Great article and I have seen very little written on it. There needs to be more written on it expecialy giving examples of good sites.

Two suggestions: republish article with changes based on comments received and change to a more compelling title that gives article's main point rather than one that tries to invite people in (will show value of your community). Possible new title (or variation) for second version of article.
Howard Wolosky

Michelle Golden

Howard - you always give excellent feedback! Thank you.

This is actually a little snip from a 6000 word chapter I just completed for an upcoming book on CPA marketing that the AICPA is publishing--it's a new edition to a book they put out about ten years ago.

The chapter is a pretty comprehensive "Guide to an Effective CPA Firm Website."

I don't yet know the book title or expected release date but will post when I do. I hope the chapter introduces several new ideas to firms in a way that inspires them to do things differently for their greater benefit.

Dan - newsletters and similar informative content are a good, solid step in the direction of usefulness. Especially when they are authored by your very own subject matter experts. It's good because it creates an archive of your intellectual capital that can be accessed (ie market FOR you) 24/7/365.

A natural next step is for them to blog because blog content is more frequent but much less formal, so it's quicker and easier to write and has more appeal to readers. To readers, blogs make authors even more accessible and help develop digital relationships that are more easily moved from digital-to-personal than a newsletter will.

John Shaver

Michelle, Would you ask that someone visiting your site provide a name and e-mail address to get access to sample project management documents?

For example, we have a blog that we use to publish customer-centric content but we currently ask for a name and e-mail address to download a project charter template, project manager selection template and other pm tools.

Jim Calloway

I disagree with one point. Many clients now prefer to receive documents from their professional representatives electronically. Many businesses have digital filing and this saves them the scanning. Some consumers don't want others in their home to have access to their lawyer's mail.
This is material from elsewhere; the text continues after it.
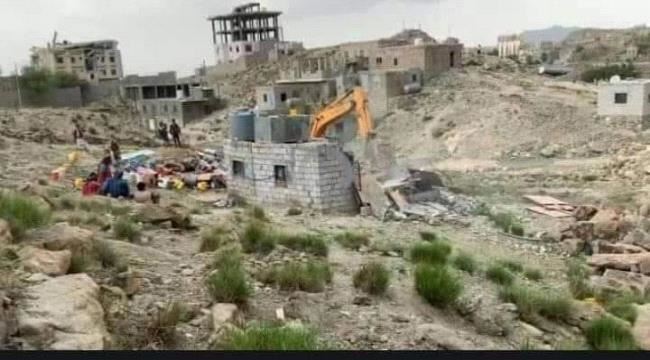 مليشيات الإصلاح بتعز تهدم منزل مواطنة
In those cases, sending an e-mail informing them of the new document with a link to a secure client document repository is much more secure than sending them an e-mail attachment. So a secure online client document repository can be a very client-centric practice.

Michelle Golden

Hi John, sorry for the delay in responding. Yikes! In most instances, I don't think it's wise to put content behind barriers like those you describe.
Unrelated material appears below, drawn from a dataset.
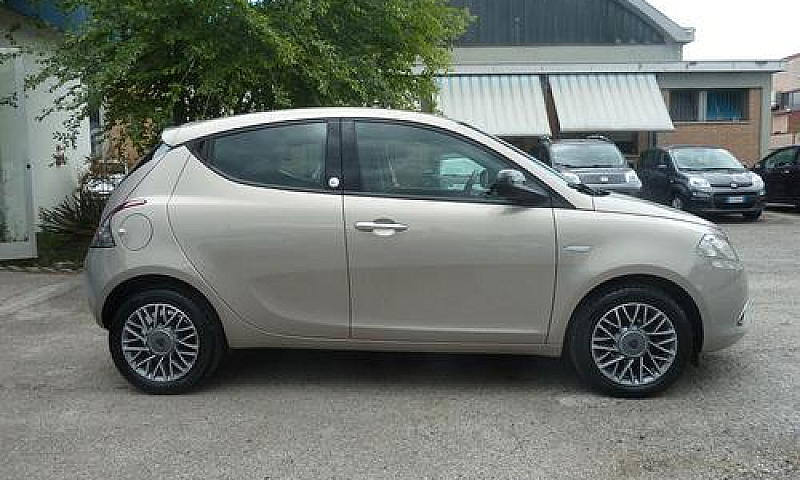 Lancia Ypsilon 1.2 6...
My first question is, what do you do with the info you collect? If you follow up with them by keeping them on a mailing list, are you gathering other qualifying info or do you have a way to know if everyone who submitted their info is actually a decent lead?

Ultimately, what is your goal? To collect emails? Or to get your documents in the right hands so the right people will see how brilliant you are?

There are a lot of schools of thought on this subject. I am a believer in the good karma of generosity...

Two articles you might want to check out on this are:
1) How Web 2.0 Impacts B2B Marketing: An Interview with C. Edward Brice of Lumension (see the 5th Q/A at http://bit.ly/5C3bGM)
2) David Meerman Scott maintains it is almost always best to make valuable content available w/no strings attached. See his post "To Gate or Not to Gate"
at http://bit.ly/6tAYlq

Let me know what you decide! :)

John Shaver

Thanks for the articles! I'm a fan of David Scott and greatly respect his ideas.

And I agree with you on the value of altruism. Our knowledge becomes much more valuable if we share it rather than trying to horde it.

I've already asked our web designer to take down the gate on our site.